> _EXERCISE DETAILS_:
Find the lines of the data below that include "another". Report their number only.

___

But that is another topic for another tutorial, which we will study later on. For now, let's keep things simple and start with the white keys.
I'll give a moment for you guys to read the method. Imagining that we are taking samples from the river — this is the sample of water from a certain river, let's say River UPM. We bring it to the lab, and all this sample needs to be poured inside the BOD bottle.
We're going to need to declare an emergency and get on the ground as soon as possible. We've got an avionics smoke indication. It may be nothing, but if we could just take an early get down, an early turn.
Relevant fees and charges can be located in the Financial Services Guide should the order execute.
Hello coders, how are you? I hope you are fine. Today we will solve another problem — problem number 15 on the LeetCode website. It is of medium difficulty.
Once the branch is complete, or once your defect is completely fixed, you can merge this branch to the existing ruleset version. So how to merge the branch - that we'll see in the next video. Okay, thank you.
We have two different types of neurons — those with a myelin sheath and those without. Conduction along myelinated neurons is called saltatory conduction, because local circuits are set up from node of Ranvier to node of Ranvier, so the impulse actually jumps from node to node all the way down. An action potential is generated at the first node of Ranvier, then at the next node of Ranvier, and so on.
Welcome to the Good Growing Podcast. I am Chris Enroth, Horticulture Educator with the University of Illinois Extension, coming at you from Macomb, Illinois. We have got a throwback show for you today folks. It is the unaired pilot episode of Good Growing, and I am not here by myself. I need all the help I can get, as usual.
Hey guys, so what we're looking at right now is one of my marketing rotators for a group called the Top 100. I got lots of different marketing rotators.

___

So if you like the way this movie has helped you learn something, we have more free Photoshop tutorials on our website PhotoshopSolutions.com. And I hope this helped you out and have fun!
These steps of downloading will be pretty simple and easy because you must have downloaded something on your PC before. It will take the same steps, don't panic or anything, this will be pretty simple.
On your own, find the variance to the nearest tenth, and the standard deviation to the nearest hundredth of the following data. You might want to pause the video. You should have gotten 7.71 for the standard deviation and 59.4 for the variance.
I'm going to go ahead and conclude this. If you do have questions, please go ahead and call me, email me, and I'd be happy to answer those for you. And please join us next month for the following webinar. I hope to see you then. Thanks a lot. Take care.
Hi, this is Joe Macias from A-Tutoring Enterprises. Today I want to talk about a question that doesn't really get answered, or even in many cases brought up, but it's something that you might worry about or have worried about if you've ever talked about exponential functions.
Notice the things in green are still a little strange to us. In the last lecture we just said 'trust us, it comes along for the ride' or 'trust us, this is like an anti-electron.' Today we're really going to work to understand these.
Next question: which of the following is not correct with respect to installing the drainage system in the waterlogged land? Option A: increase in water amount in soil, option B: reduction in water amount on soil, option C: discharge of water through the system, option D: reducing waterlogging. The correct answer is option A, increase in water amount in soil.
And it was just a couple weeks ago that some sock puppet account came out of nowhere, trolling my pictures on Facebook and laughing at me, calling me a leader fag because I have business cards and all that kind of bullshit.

___

> _RESULT OF THIS TASK_:
2